Après avoir affiché 2,19% au premier trimestre, les taux des crédits immobiliers étaient tombés à 2,02%, en moyenne à la fin du mois de juin. Mais la plupart des établissements de crédit a révisé ces taux pendant l’été. Cette révision est toutefois restée modérée.

Toujours très favorables

Pendant que l’OAT à 10 ans remontait de plus de 85 points de base entre mi-avril et mi-juillet, la hausse des taux n’a pas dépassé 16 points de base depuis juin sur le marché de l’ancien, 12 points de base sur le marché du neuf.
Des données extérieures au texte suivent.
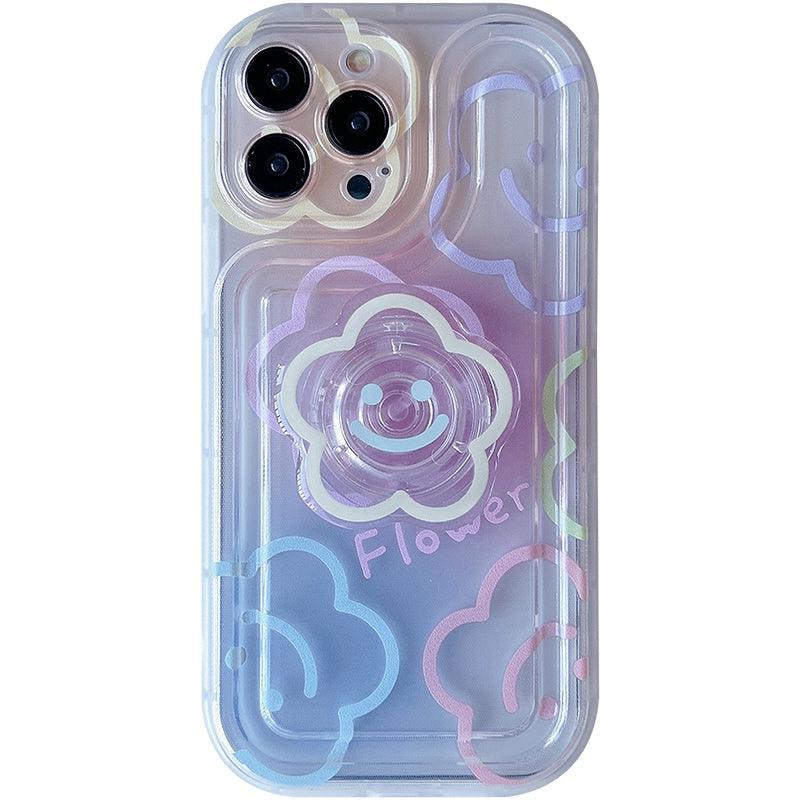 Coque transparente pour iPhone 13 Pro Max avec motif fleur sourire et texte "Flower" en couleurs pastel. - Wiqeo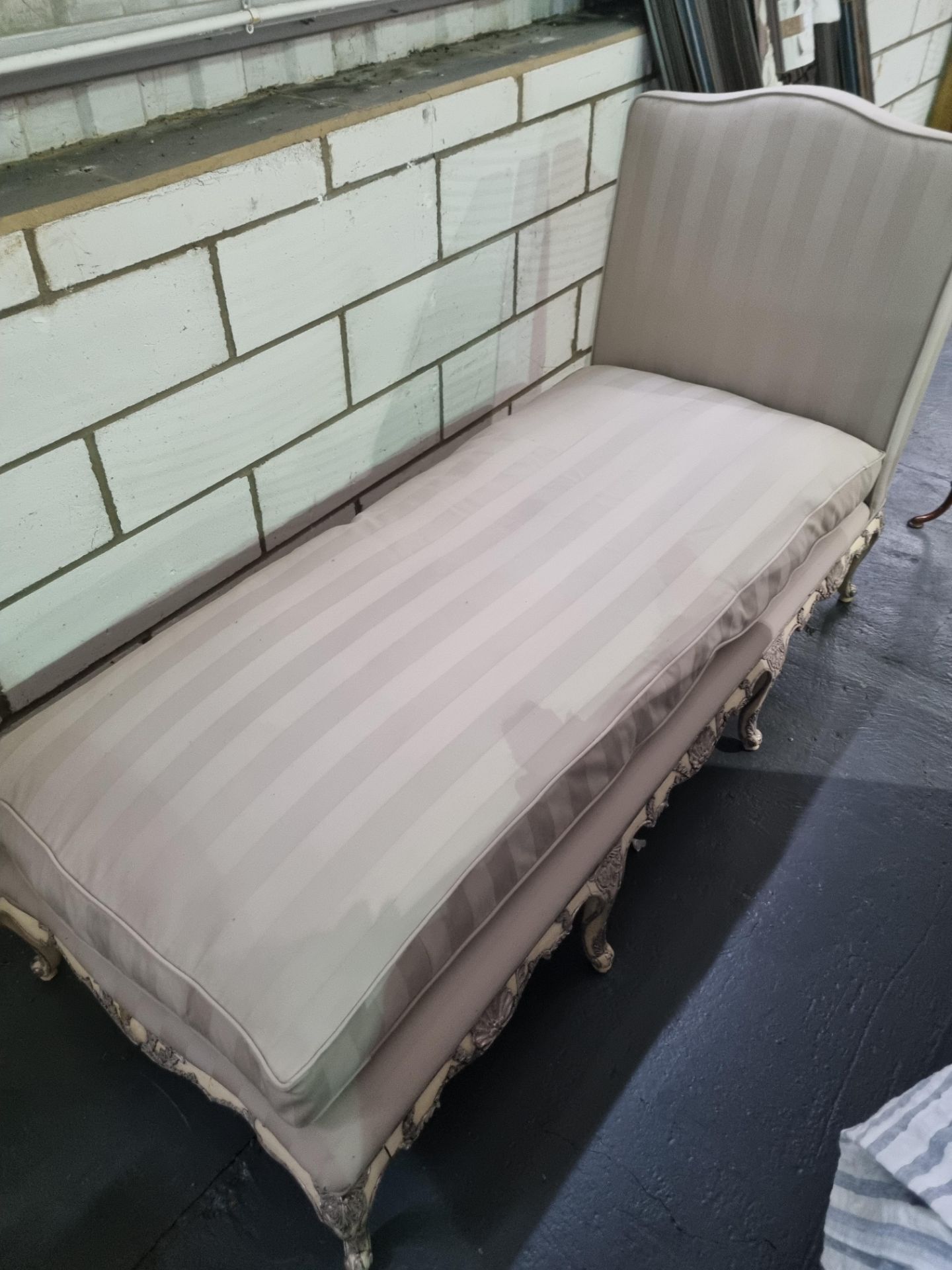 Grey stripe upholstered French Day bed (broken) Height 104cm Width 200cm Depth 75cm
Ainsi, selon les derniers chiffres de l’Observatoire Crédit logement-CSA, les taux moyens restaient très attractifs fin juillet, s’établissant à 2,17 % en moyenne, 2,20 % pour l’accession dans l’ancien et 2,21 % pour l’accession dans le neuf. Simultanément, les durées de prêts se sont allongées. En août 2015, elle s’est établie à 216 mois en moyenne (243 mois pour l’accession dans le neuf et 228 mois pour l’accession dans l’ancien). Sur un marché en expansion, cet allongement des durées compense largement la hausse observée depuis juin dernier. L’amélioration de la solvabilité de la demande s’est donc poursuivie : depuis la fin de l’année 2013, elle équivaut toujours à un recul des prix de 10 %, tant sur le marché du neuf que sur celui de l’ancien, permettant à de nombreux ménages de rentrer sur le marché de l’accession !

Rebond de la production

Favorisée par les conditions toujours très favorables et le regain de dynamisme du marché immobilier, la reprise de la production de crédits s’est accélérée, même si août n’est jamais un mois particulièrement actif ! Ainsi, hors rachats de crédits, le nombre des prêts accordés entre septembre 2014 et août 2015 a augmenté de 26,4 % par rapport à la même période de l’année précédente. Sur le seul trimestre de juin à août, l’évolution est encore plus nette : + 56,7 %. L’augmentation du coût des opérations réalisées par les ménages s’est également accélérée cet été. Le coût relatif représente désormais 3,85 années de revenus contre 3,73 années l’année dernière à la même époque. Cette évolution s’explique notamment par la baisse des revenus des ménages qui réalisent ces opérations (-0.6 % sur les 8 premiers mois de 2015, en glissement annuel, après + 0.6 % en 2014), ainsi que par la poursuite de la dégradation de l’apport personnel (-9.1% sur les 8 premiers mois de 2015, en glissement annuel, après -4.6% en 2014). Elle atteste surtout du retour des ménages modestes sur le marché.